In many countries across the world, and none more so than Italy, the food and drink sector is a money-spinning business that offers genuine mass market opportunities. This can be seen in the proliferation of cooking magazines, recipe books and other types of digital publications (applications for smartphones and tablets, websites, food blogs and e-books). As the texts of these documents can be targeted at both industry experts and a more general audience of enthusiasts, the translators that specialise in this sector must be able to switch comfortably between technical terminology and mass communication. Landoor has provided translation and localisation services in the food writing sector for decades, ranging from specialist translations of recipes to the adaptation of restaurant menus into foreign languages – two tasks that are more complex than they may appear.

 Translations of recipes

Translating recipe books is not just a case of transposing descriptions and instructions for cooking and baking enthusiasts into another language but a genuine exercise in localisation which must take account of the type of publication and the type of reader/user, adjusting the linguistic register as appropriate. Other common problems that emerge in the translation of cookbooks include:

  • The difficulty of clearly and concisely communicating every step of the recipe using clear and precise terminology relating to utensils and the preparation of the ingredients;
  • Cultural differences in the measurement of the ingredients: for example, while in continental Europe and many other parts of the world quantities are expressed in weight, in English-speaking countries they are described in volume using a system of standard measurements (cup, half a cup, quarter of a cup, tablespoon, teaspoon, etc.). A good translator will get hold of precise tables for the correct conversion of weights to volumes or vice versa (in fact, the quantities expressed in weight can change considerably depending on whether the food is dry or fresh, in liquid or in powder form);
  • Temperatures measured in Fahrenheit as opposed to Celsius, and vice versa.
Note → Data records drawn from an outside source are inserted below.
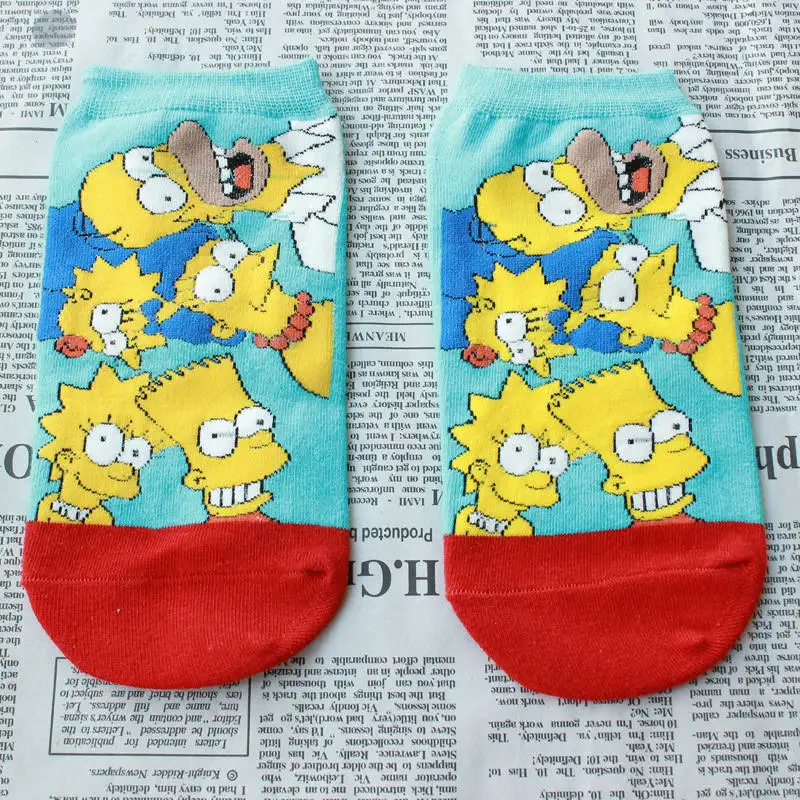 Dreamlikelin-1-Pair-Funny-Women-Children-Socks-Cute-Happy-Cotton-Socks-Simpsons-Family-Novelty-Spring-Autumn(7)
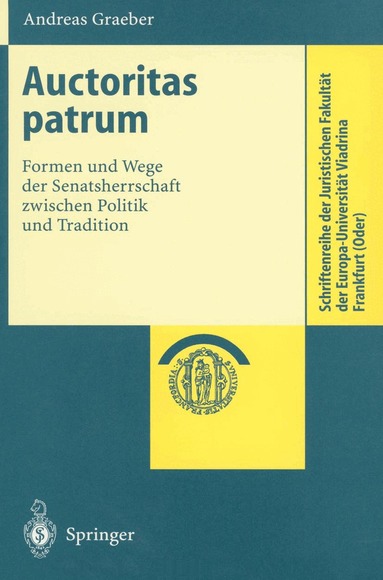 Andreas Graeber - Auctoritas patrum, Häftad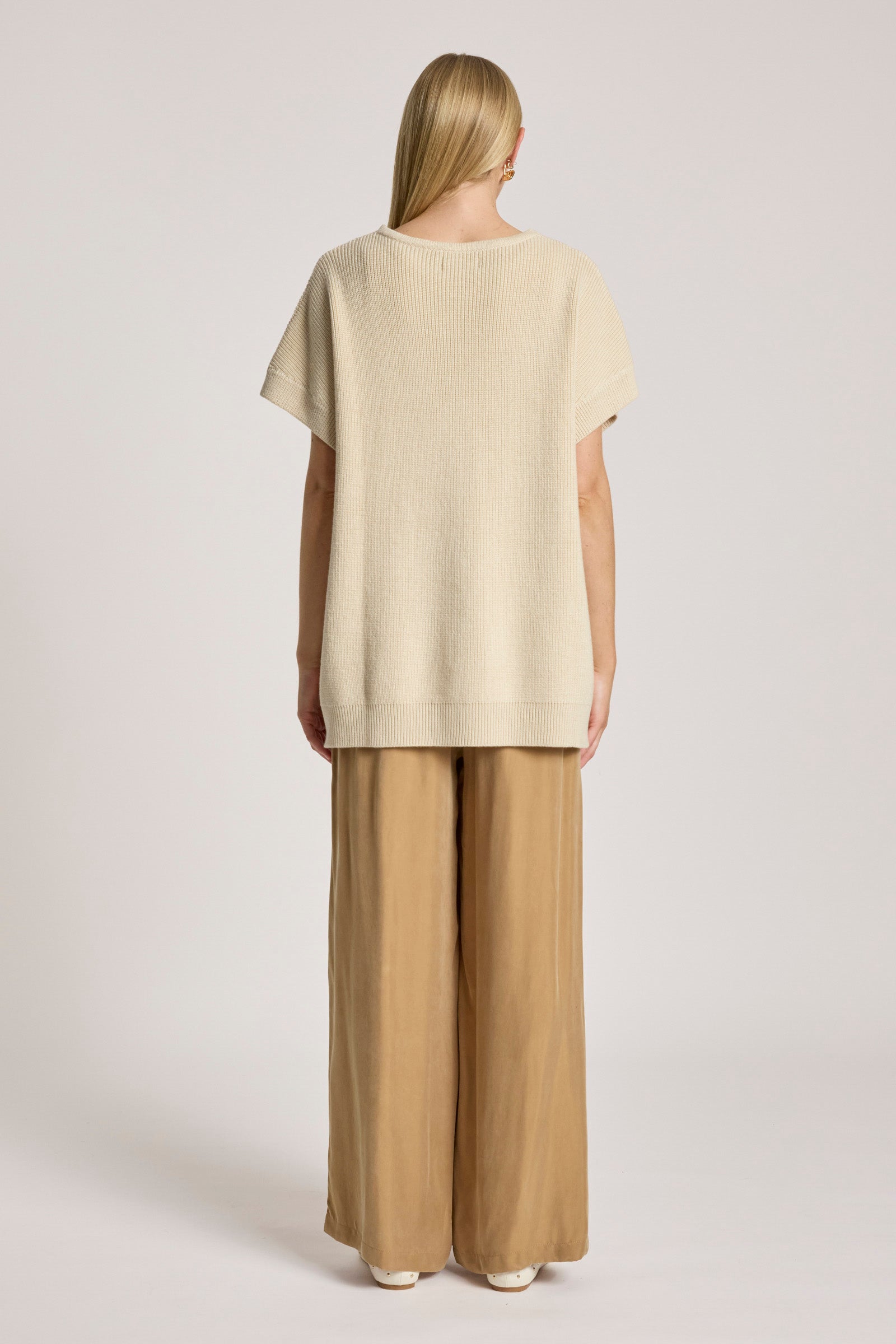 Berber Vest Cardigan - Dune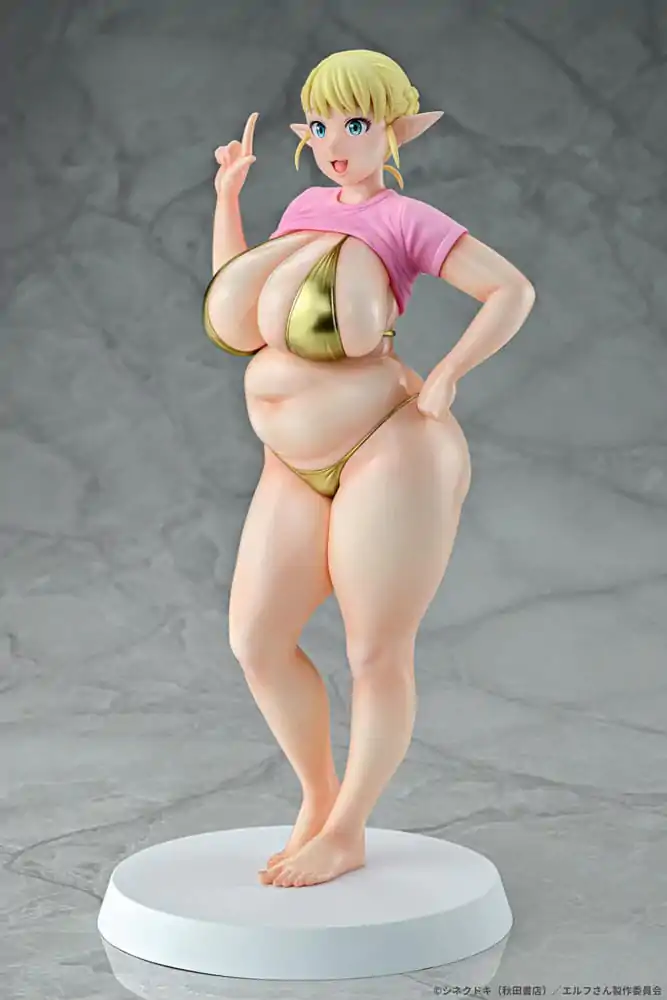 Plus-Sized Elf PVC Figur 1/7 Elfuda Gold Ver. 26 cm Produktfoto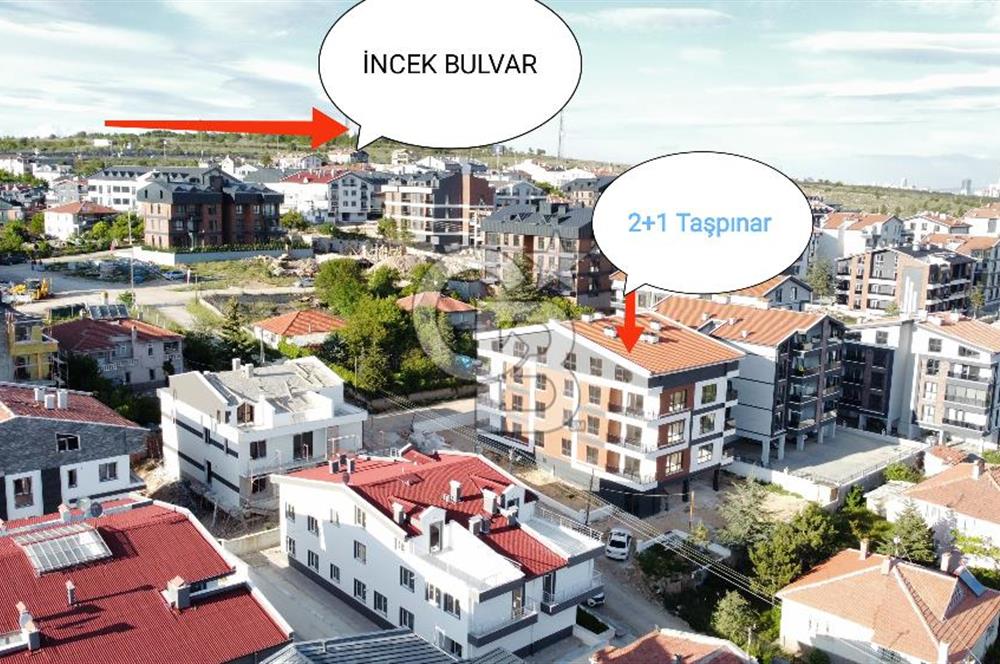 Ankara'nın Yükselen Değeri İncek Taşpınar’da 2+1 Satılık Daire …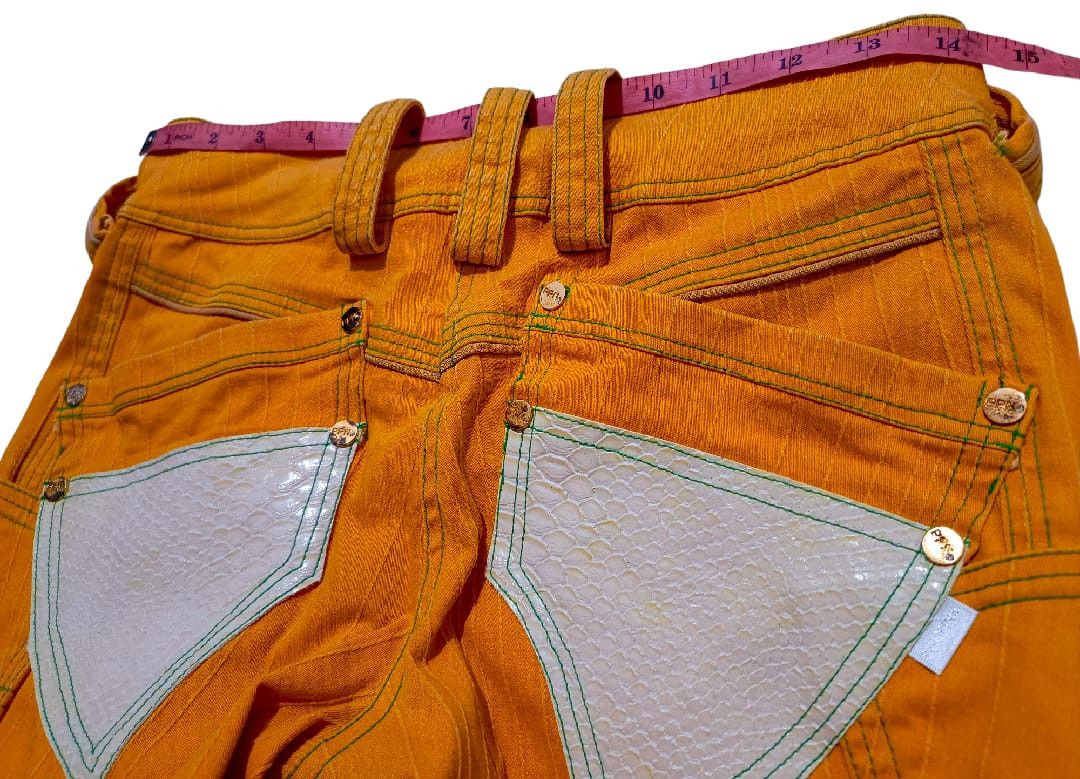 14th Addiction Vintage Jimi Hendrix Logo Flared Trousers Python Pocket Size 29" - 5 Thumbnail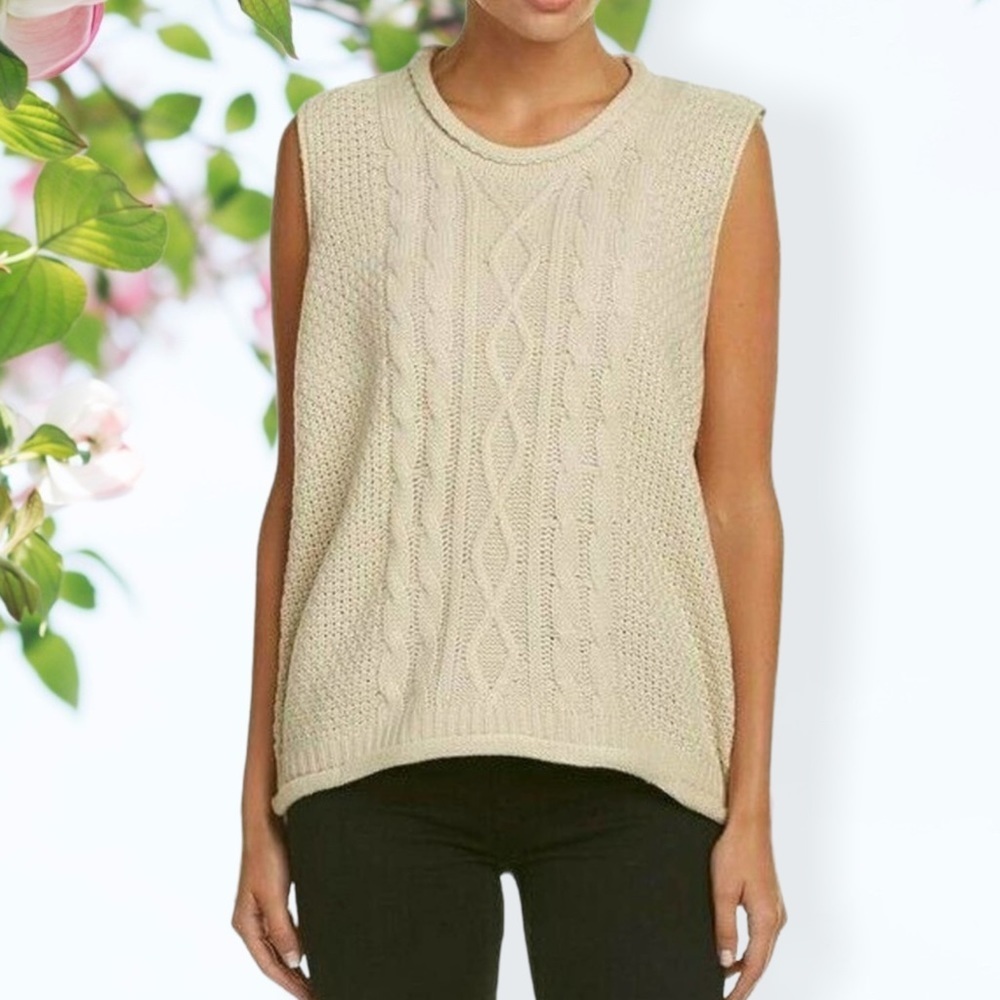 Raga Oversized Off White Vest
In all cases it will be essential to be able to call on the consultancy of a chef or expert pastry chef in order to make a few little but important adjustments to the numbers, rounding them up or down into whole numbers rather than decimals without compromising the results of the recipe. Translating books of recipes from different cultures to ours (Asian cooking, for example) can also be quite challenging: in this case, if the publisher agrees, it could be a good idea to suggest other ingredients with which to substitute those ethnic ingredients that are difficult to find here. Also in this case, only those that work in the culinary sector are able to provide the translator with valid support. Landoor manages all of these aspects thanks to its specialist mother tongue translators and revisers and completes the process also by taking care of the editorial aspect of culinary texts, for example by translating photo captions, subtitling, dubbing or providing voiceovers for video recipes and, last but not least, managing the graphical spaces of printed works by cutting and filling in areas as appropriate.